Now I’m left trying to reconcile this new physical existence, where I simply can’t progress like I want to, like I’ve learned to, like I know how. I can’t build muscle without it breaking back down. I can’t breathe deeper and deeper, but am left sucking in air that feels thinned and sensing my body grasping for more. I can’t run without great preparation and consideration of my physical abilities. My feet are in constant pain, as if someone has snuck sandpaper into the soles of my shoes and each morning my feet are worn raw from the friction. My hands look as if they have swollen again and again, stretching the skin at my fingertips like over-inflated balloons. The creases in my fingers and hands dry and crack, opening wounds that stare back at me like reddened eyes, bleeding out at their worst moments. The passages in my nose wear thin in the cold and shock me with a deep red expulsion every morning, reminding me that no matter how I look on the outside, something is dying within. And then there is the cold, working in concert with the chemotherapy, and ruining the ease and comfort I seek throughout the day. A side effect being of great temperature sensitivity, I can’t so much as sit around too long in any environment under 70 degrees or else the cooling effect filters into my hands and sends what feels like electrical shocks into my fingers with every movement.
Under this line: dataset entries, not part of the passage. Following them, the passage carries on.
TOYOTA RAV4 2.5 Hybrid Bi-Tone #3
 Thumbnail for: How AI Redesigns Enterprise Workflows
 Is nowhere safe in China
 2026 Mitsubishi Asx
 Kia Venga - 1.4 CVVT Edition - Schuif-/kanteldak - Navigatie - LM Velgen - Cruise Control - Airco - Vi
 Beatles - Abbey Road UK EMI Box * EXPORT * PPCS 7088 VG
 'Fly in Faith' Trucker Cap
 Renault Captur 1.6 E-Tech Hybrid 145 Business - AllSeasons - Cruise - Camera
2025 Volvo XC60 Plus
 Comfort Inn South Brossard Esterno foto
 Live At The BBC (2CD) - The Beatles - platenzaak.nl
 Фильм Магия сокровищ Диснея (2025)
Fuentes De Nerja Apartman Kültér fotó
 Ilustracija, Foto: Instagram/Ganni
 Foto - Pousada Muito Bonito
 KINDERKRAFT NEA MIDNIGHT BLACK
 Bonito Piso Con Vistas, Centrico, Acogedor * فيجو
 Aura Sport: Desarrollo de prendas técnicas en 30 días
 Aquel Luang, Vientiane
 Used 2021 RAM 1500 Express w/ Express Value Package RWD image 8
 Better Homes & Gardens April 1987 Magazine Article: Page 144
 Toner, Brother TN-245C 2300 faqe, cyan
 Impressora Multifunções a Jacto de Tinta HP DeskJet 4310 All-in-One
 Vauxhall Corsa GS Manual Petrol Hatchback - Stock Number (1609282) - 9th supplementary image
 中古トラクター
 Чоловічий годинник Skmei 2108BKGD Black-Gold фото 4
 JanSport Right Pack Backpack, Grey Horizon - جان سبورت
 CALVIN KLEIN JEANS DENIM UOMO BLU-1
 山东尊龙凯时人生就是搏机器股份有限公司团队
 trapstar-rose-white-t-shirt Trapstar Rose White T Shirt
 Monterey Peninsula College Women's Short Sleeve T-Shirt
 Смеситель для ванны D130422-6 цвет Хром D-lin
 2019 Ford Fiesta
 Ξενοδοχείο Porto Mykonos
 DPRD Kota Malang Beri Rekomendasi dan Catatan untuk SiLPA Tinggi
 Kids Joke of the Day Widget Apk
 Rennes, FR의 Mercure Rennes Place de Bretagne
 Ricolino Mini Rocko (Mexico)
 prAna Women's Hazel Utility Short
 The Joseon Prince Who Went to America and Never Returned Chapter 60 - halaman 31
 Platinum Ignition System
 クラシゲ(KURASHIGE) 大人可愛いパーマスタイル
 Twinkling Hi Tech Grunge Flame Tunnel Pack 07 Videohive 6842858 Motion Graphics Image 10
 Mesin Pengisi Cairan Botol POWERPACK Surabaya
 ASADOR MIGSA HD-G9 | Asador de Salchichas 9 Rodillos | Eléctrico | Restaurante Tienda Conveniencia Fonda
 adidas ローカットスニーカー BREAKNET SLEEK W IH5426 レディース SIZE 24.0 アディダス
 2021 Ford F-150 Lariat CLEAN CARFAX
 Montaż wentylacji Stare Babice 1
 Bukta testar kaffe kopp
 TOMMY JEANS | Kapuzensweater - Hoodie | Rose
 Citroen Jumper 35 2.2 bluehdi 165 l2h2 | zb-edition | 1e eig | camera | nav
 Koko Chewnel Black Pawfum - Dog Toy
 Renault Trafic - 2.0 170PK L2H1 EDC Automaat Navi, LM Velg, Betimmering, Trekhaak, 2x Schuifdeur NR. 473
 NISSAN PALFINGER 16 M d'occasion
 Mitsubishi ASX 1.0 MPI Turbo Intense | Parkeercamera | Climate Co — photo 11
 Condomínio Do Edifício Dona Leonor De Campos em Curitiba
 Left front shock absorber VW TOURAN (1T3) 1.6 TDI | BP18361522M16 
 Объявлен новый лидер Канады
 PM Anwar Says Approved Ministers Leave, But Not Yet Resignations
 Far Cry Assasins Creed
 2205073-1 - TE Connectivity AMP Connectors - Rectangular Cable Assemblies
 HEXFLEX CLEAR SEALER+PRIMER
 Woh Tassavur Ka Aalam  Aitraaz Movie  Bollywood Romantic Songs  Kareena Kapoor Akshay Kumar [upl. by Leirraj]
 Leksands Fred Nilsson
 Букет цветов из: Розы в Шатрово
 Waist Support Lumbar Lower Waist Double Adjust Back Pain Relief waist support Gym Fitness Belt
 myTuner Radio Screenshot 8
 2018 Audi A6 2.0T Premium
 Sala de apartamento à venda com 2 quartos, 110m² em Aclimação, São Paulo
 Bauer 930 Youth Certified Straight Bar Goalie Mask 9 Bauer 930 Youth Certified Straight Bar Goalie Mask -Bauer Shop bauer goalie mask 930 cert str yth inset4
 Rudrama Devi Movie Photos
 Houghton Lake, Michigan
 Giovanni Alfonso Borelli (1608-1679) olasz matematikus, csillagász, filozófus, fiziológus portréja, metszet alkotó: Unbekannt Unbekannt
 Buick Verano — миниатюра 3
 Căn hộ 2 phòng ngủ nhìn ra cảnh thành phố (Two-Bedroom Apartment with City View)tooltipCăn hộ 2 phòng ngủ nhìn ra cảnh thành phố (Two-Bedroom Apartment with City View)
Let the cold sit for too long and an anxiety builds that sends me quickly packing and running out to the car for a desperate warmth. Eating is no relief. When I can actually work through the subtle, but persistent, nausea I often go long periods without food, then am suddenly hit by a weakness that demands sustenance, but I then have difficulty not eating too quickly out of hunger, sending a different sort of food-induced nausea into my system. It’s only after the long period of slowed digestion do I experience some sort of calm and comfort, only to start the process again.

It is wearing on me. Slowly but surely, it is wearing on me.

It has been 9 of 12 scheduled treatments and though my body’s ability to fight through this slow deterioration continues to amaze me, building after breaking, the accumulation of this experience on my mental state isn’t so easily repaired. I’m tired of breaking down and not being able to build back up. I push and it pushes back even harder now. My days of running 3 to 4 days consistently are now broken into one day on/one day off…if I’m lucky. I go one day on and 2 to 3 days off sometimes. My feet give me little relief and though I experience moments of inspiration that compel me to knock out 10 or so miles, I’m often relegated to 5 tops. That doesn’t sit well with me.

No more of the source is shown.